Your assignment =>
Exact copy, no pictures: repeat the data that follows.

Collected material =>
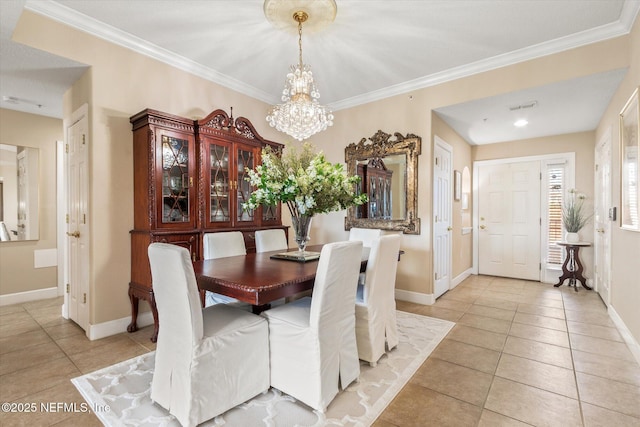 425 N Ocean Grande Dr Unit 205, Ponte Vedra Beach, FL 32082 - dining area with light tile patterned flooring, a chandelier, baseboards, and ornamental molding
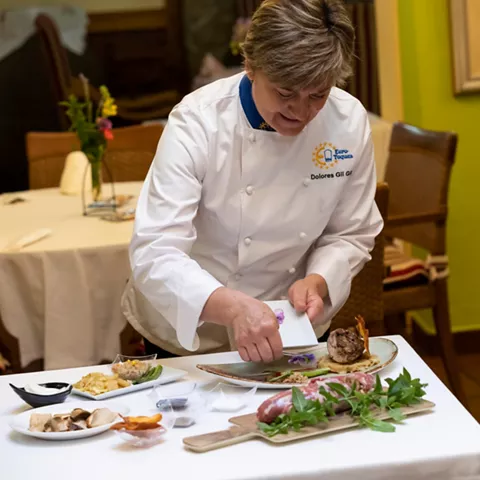 Cocinera emplatando plato gourmet en comedor acogedor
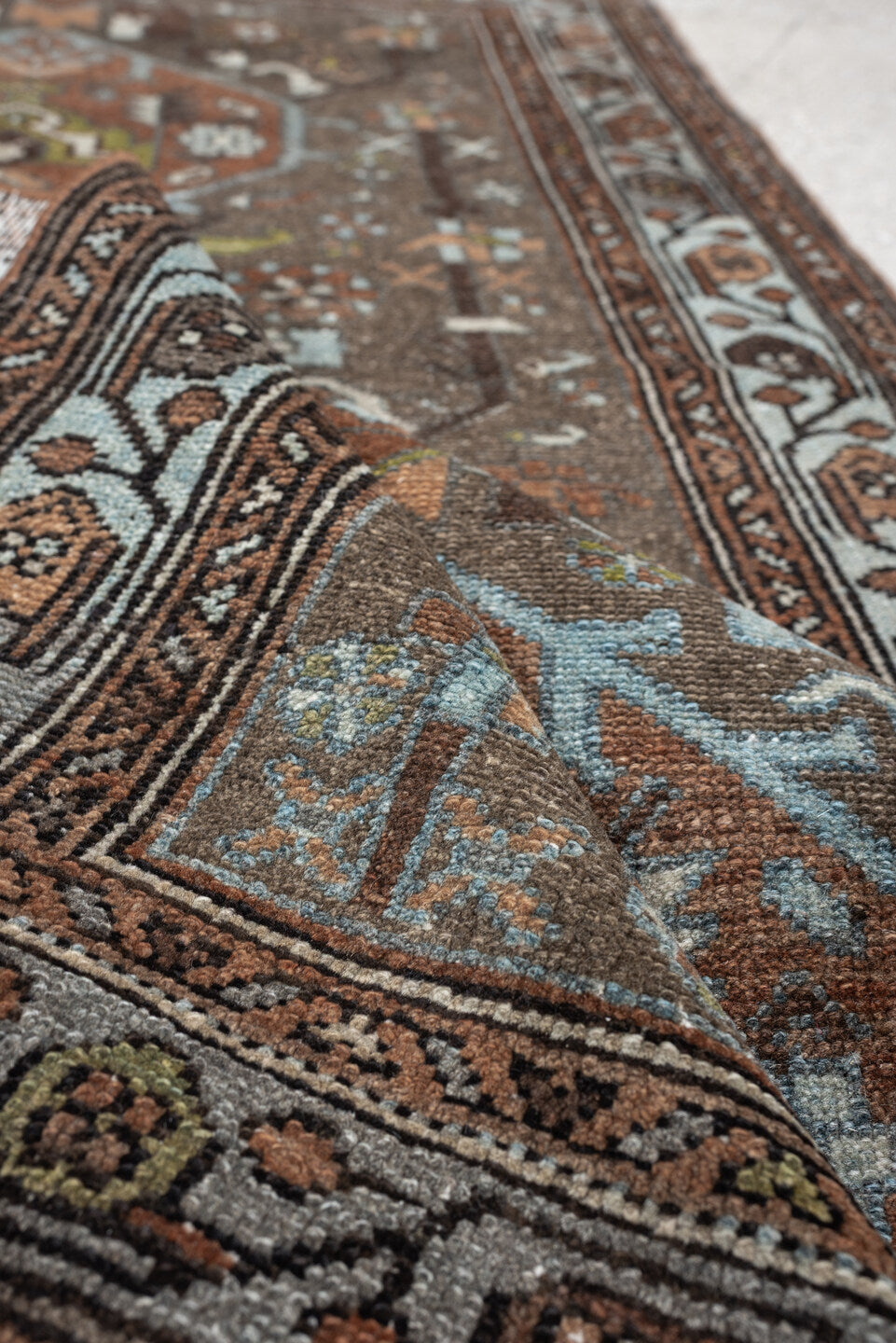 2' x 4' one-of-a-kind handmade vintage Malayer small size rug. Color palette: brown, sky blue, rust, ivory, taupe, olive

Written response =>
 425 N Ocean Grande Dr Unit 205, Ponte Vedra Beach, FL 32082 - dining area with light tile patterned flooring, a chandelier, baseboards, and ornamental molding
 Cocinera emplatando plato gourmet en comedor acogedor
 2' x 4' one-of-a-kind handmade vintage Malayer small size rug. Color palette: brown, sky blue, rust, ivory, taupe, olive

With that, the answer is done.